The rhetoric of foundation, used by one who portrays himself as a new ‘founding father’. Is it really surprising what Vladimir Putin said on the occasion of the 1,160th anniversary of the creation of the Russian state?

It was a belligerent, nationalist, aggressive speech of his on September 21st. It could not have been otherwise. After 210 days of Special Operation in Ukraine, with his armed forces bogged down in a war they cannot win, the Kremlin ruler could only try and rekindle the flame of identity among his own. His weakness is obvious: having to call up 300,000 reservists and threatening the World with atomic weapons are a clear sign of his awareness that he is locked in a sack. The referendums called in Ukraine, in the territories occupied by the Russian army, to decree the annexation of those territories to Russia, are another sign of fragility.

The announcement of the mass mobilisation, by the way, did not please all Russians. At least a thousand people were reportedly arrested during the spontaneous demonstrations against the mobilisation of the reservists. The protest allegedly involved at least 38 large cities and was the largest organised in Russia since those in February, called against the invasion of Ukraine.
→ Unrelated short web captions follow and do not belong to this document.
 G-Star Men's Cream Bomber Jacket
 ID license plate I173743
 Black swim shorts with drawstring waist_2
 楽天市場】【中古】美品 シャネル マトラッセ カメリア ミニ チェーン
Putin knows that the military hold is poor. Those territories must be protected by a ‘political umbrella’, which in his vision is annexation to the motherland. Any attack, at that point, would be considered by the Kremlin as aggression against Russia and the reaction would follow.

On the diplomatic front, Putin’s moves are disastrous. They close all negotiating space and revive the military card. “The goal of the West,” Putin said in his speech, “is to weaken, divide and destroy Russia. In its aggressive anti-Russian policy, it has exceeded all limits. We will use all means at our disposal to defend ourselves and to those who are trying to use nuclear blackmail against Russia I say that the cards can be turned against them. I am not bluffing’. Words that froze the international community.
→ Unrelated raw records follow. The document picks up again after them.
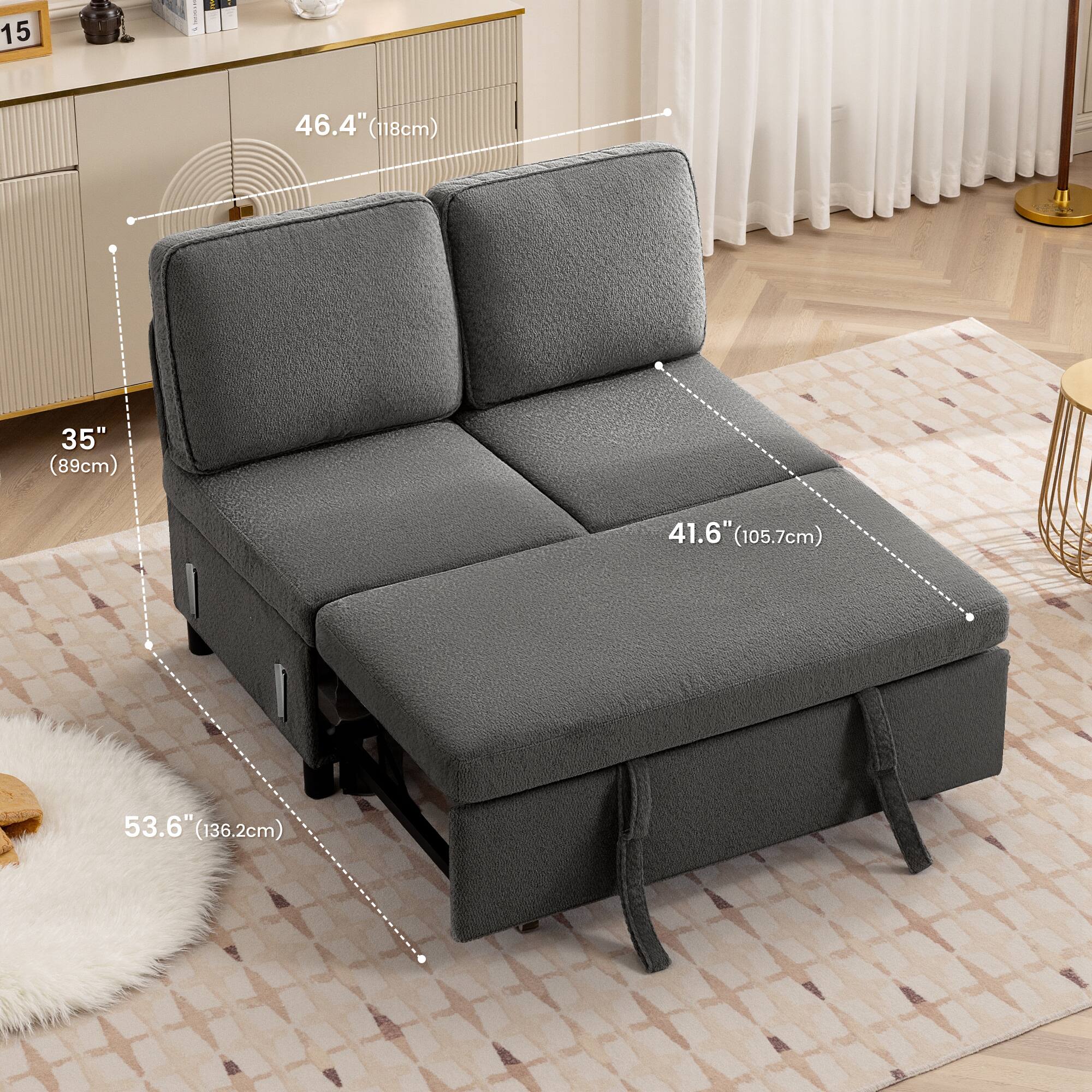 15  
46.4" (118cm)  
35" (89cm)  
41.6" (105.7cm)  
53.6" (136.2cm)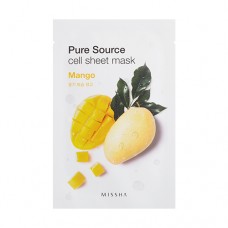MISSHA Pure Source Cell Sheet Mask (Mango) - plátýnková maska s mangovým výtažkem (E1895)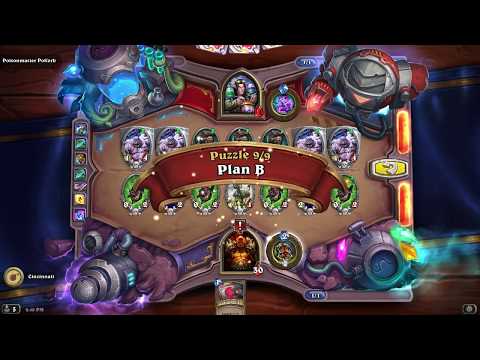 GUIDE: Poisonmaster Pollark Boomsday Lethal Puzzle Lab Solutions / Answers - FAST (Hearthstone)
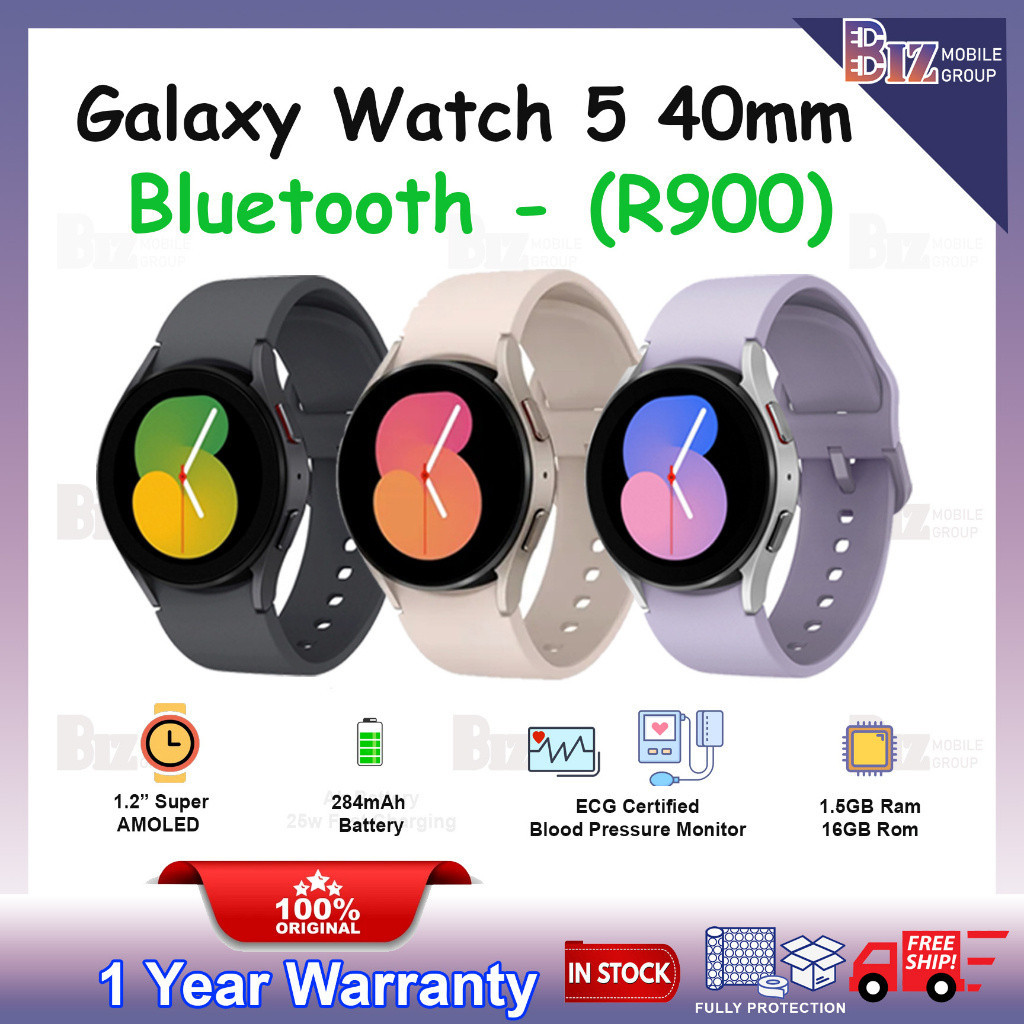 SAMSUNG Samsunggalaxy Watch 5 r900เวอร์ชั่นบลูทูธ | ซัมซุง watch5 ...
Turkey immediately declared that it would never recognise the referendum results, just as it did not recognise the annexation of Crimea in 2014. China, Moscow’s great ally at this historical stage, called on Russia and Ukraine to dialogue and consult each other to find a peaceful solution. “Our position is consistent and clear,” said Foreign Ministry spokesman Wang Wenbin, “We need to find a way to address security concerns on all sides. Then, an ambiguous statement: Beijing asks to respect the sovereignty of all countries, but does not explain whether this means respecting the possible rigged referendum result.

Europe and the United States, on the other hand, reacted harshly. On behalf of the European Union, Commission President Ursula von der Layen explained that the 27 are ‘ready to impose further economic costs on Russia’. In short: ready for more sanctions. “As Russia moves towards a full war economy,” she said during an interview with CNN, “we will propose further export controls on civil technology. An extraordinary meeting of the Union’s foreign ministers was convened in New York, where they were all attending the UN Assembly. Just during the Assembly, US President Joe Biden spoke on the issue, saying that Putin had made ‘reckless and irresponsible nuclear threats. Russia has shamefully violated the basic principles of the UN charter by invading Ukraine’. “A nuclear war,” he concluded, “can never be won and must not be fought.
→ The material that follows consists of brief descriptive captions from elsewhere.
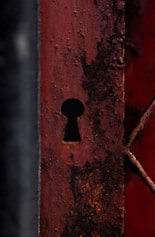 stainless steel lock hole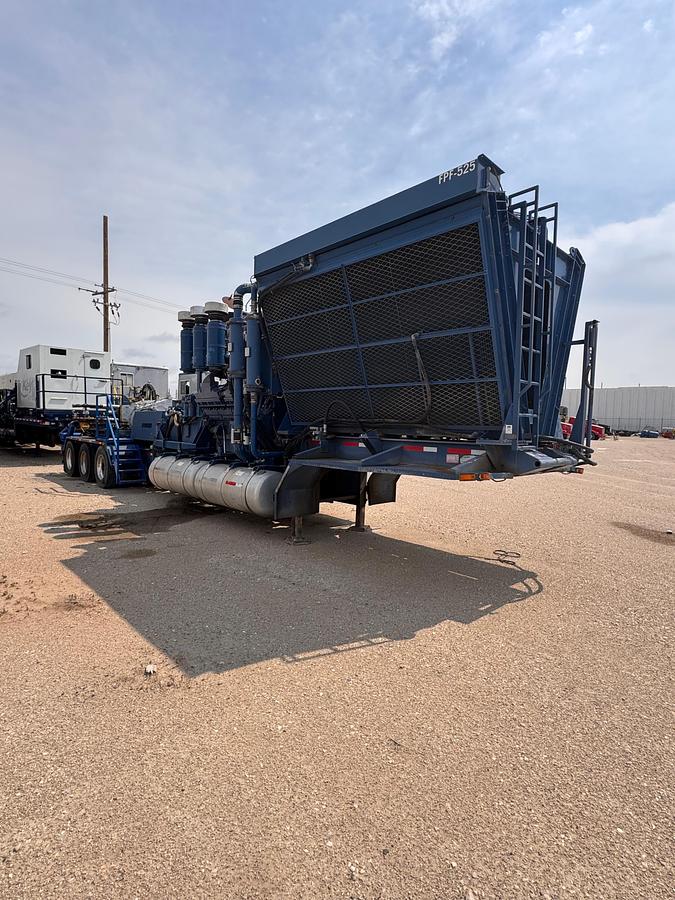 Used 2009 BJ Triplex Frac Pump Trailer - Cummins QSK60-C Diesel Engine - GREAT UNIT!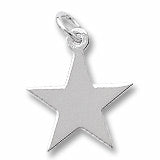 Star charm in Sterling Silver hide-image
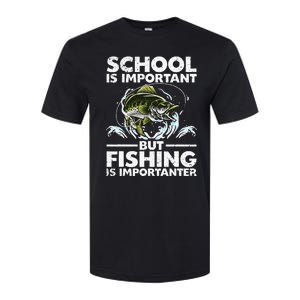 Funny Fishing For Fish Saying Bass Fisherman Softstyle CVC T-Shirt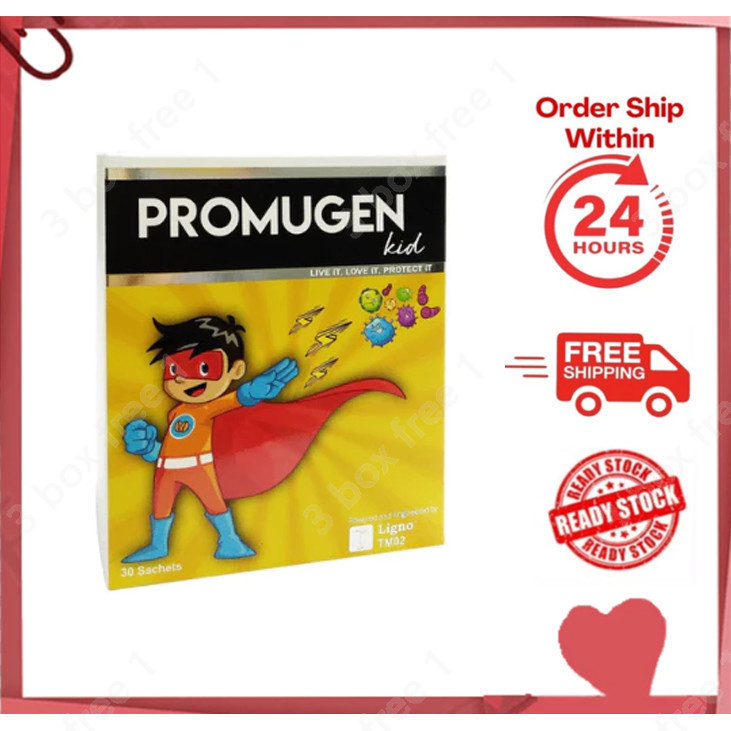 【BUY 3 FREE 1】[Ready stock]Promugen Kid 2gx30s儿童增加免疫 digestion Strengthens immunity EXP2027 06 keropok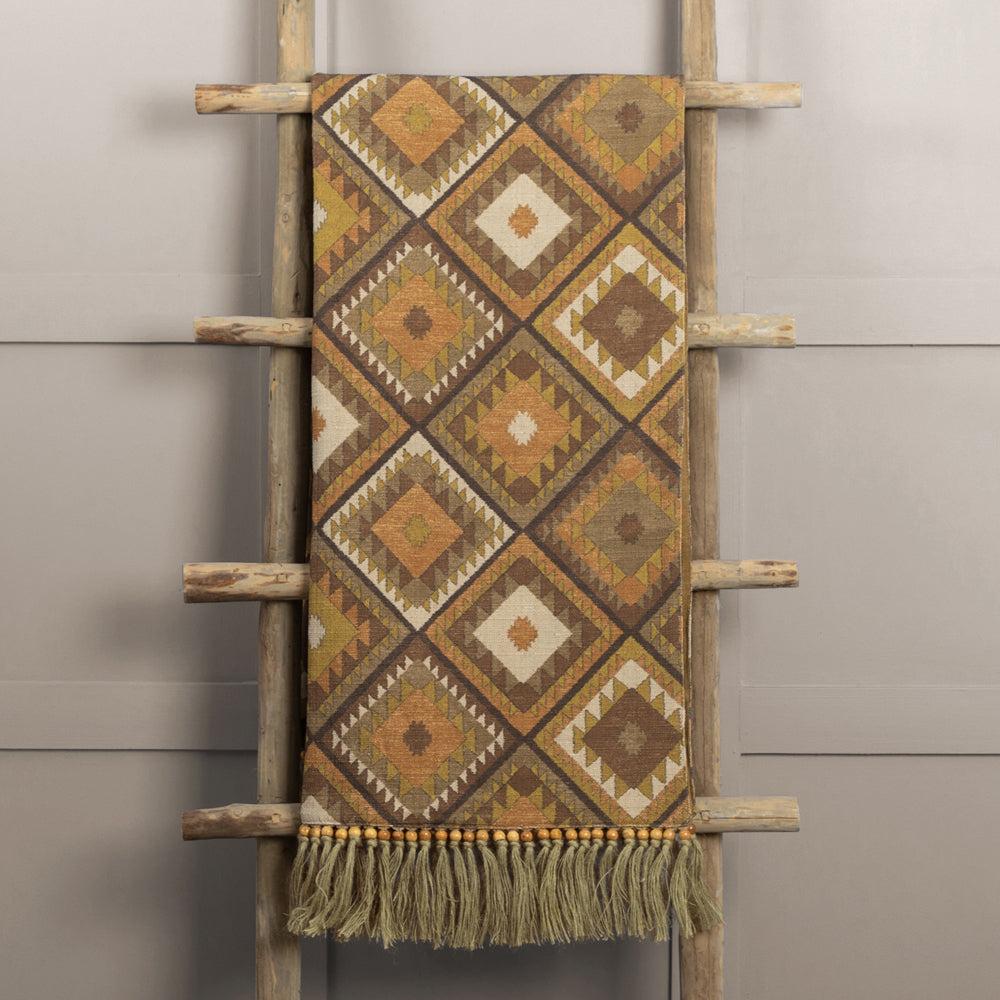 Throws | Serrano Printed Throw Sepia Home Decor Sepia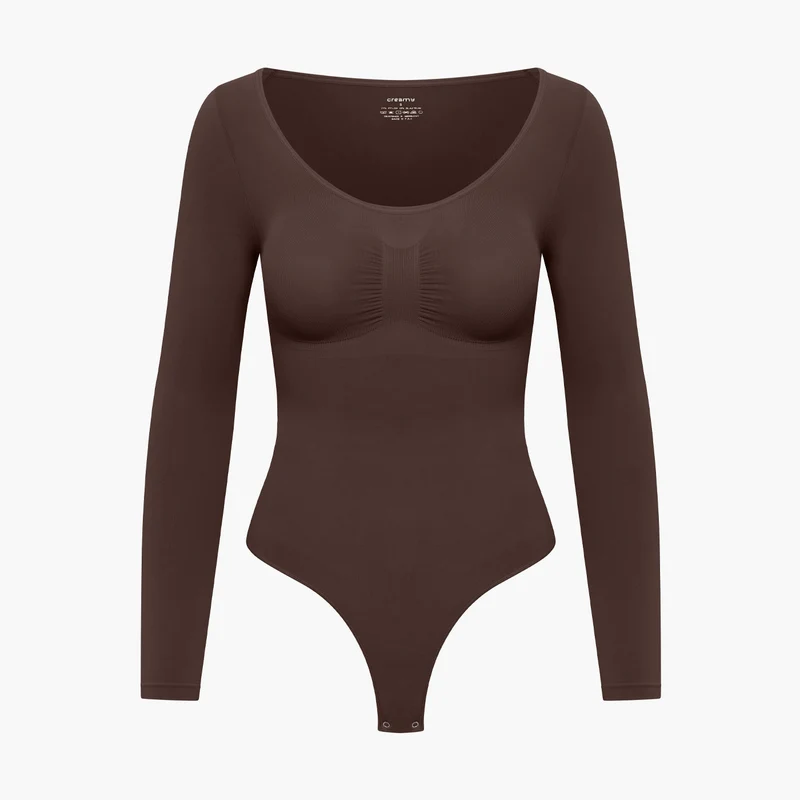 Damen Body | langärmelig mit durchgehender Fläche und Rückenöffnung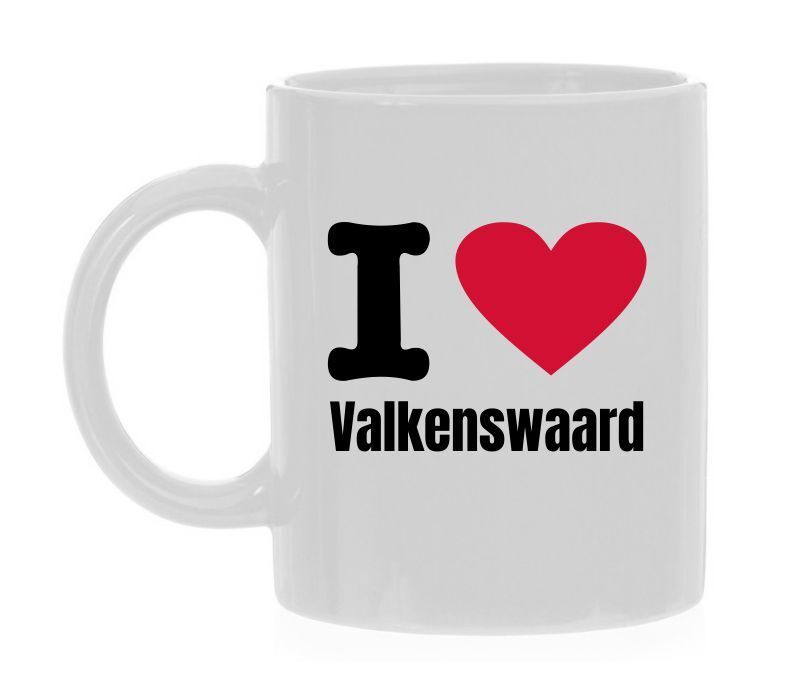 Koffiemok houden van Valkenswaard Trots op I love Valkenswaard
On the ground, the situation remains effectively deadlocked. The Russian forces are bogged down and the Kyiv army seems to have exhausted the offensive thrust of the past weeks. A stalemate that may last forever. Ukrainian President Zelensky said that ‘Russia wants to drown us in the blood of its soldiers’. No one, for now, wants to sit at the negotiating table. Ignoring the fact that no one can really win this war.